A triangular piece of glass has sides that measure 18 in, 19 in, and 25 in. Is the piece of glass in the shape of a right triangle? Explain.

Steps to Solve

1. Identify the longest side To determine if the triangle is a right triangle, identify the longest side among the given sides: 18 in, 19 in, and 25 in. The longest side is 25 in.

2. Apply the Pythagorean theorem The Pythagorean theorem states that for a right triangle, the relationship between the sides is: $$ c^2 = a^2 + b^2 $$ where ( c ) is the hypotenuse (longest side), and ( a ) and ( b ) are the other two sides.

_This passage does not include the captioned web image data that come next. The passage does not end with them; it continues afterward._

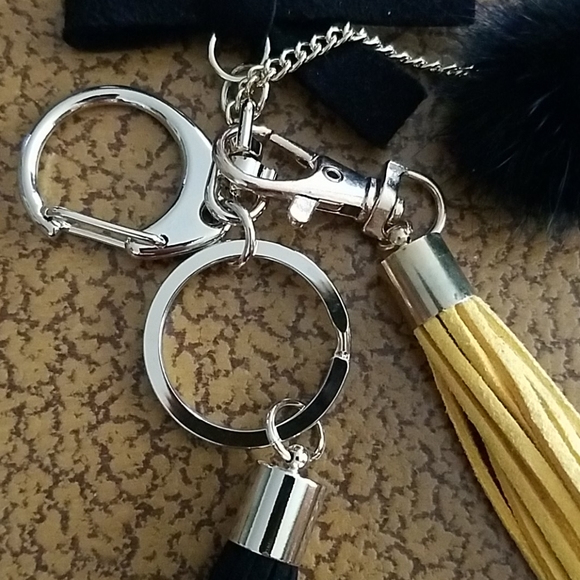 Boho Double Interacting Tassel and Pearl Keychain - Picture 8 of 9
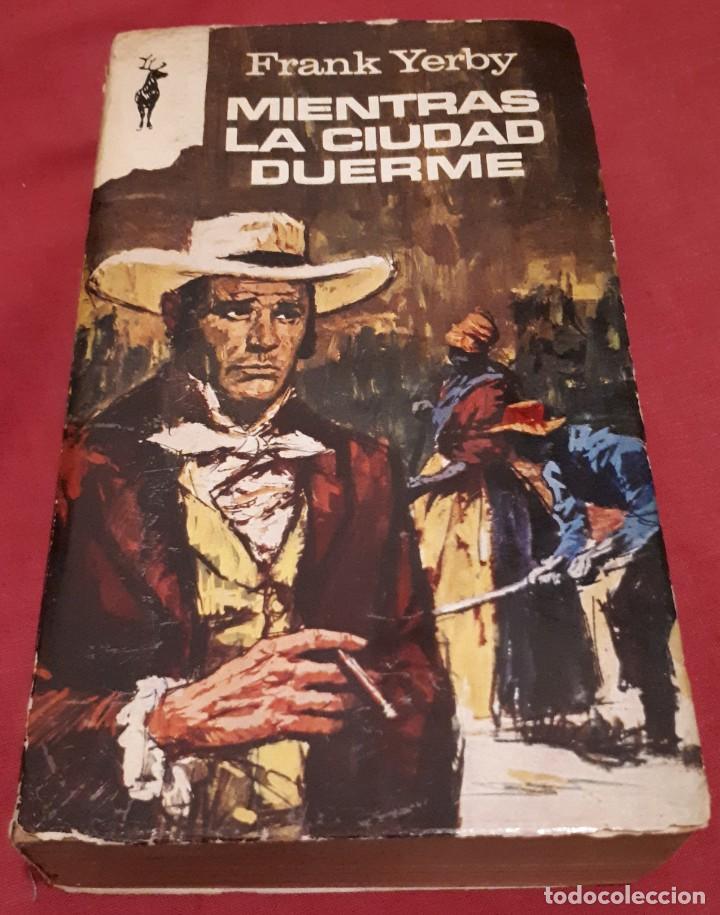 Libros de segunda mano: Mientras la ciudad duerme &ndash; Frank Yerby - Foto 1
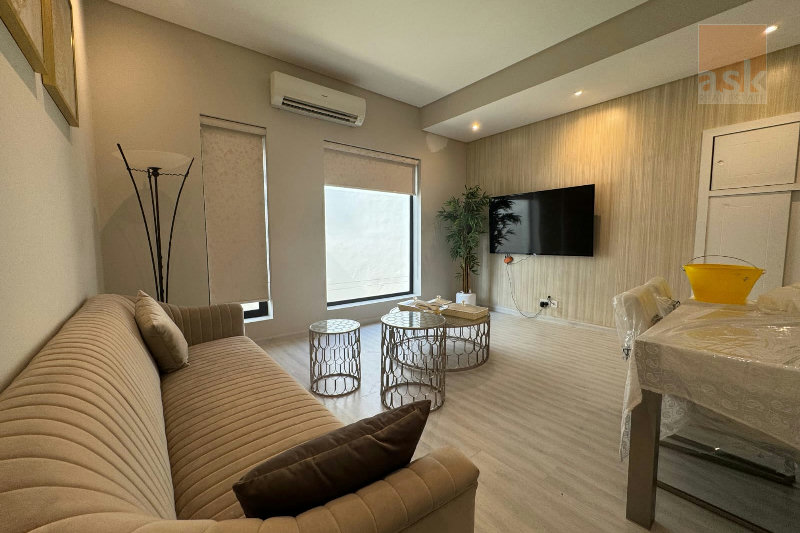 للبيع فيلا فاخرة في منطقة سار  – Slide 10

3. Plug in the values Using the theorem:

• Let ( c = 25 ) in, ( a = 18 ) in, and ( b = 19 ) in. We substitute into the equation: $$ 25^2 = 18^2 + 19^2 $$

4. Calculate the squares Calculate the squares of each side: $$ 25^2 = 625 $$ $$ 18^2 = 324 $$ $$ 19^2 = 361 $$

5. Check the equality Now add the squares of the two shorter sides: $$ 324 + 361 = 685 $$ Now compare with the square of the longest side: $$ 625 \neq 685 $$

6. Draw a conclusion Since ( 625 ) does not equal ( 685 ), the triangle is not a right triangle.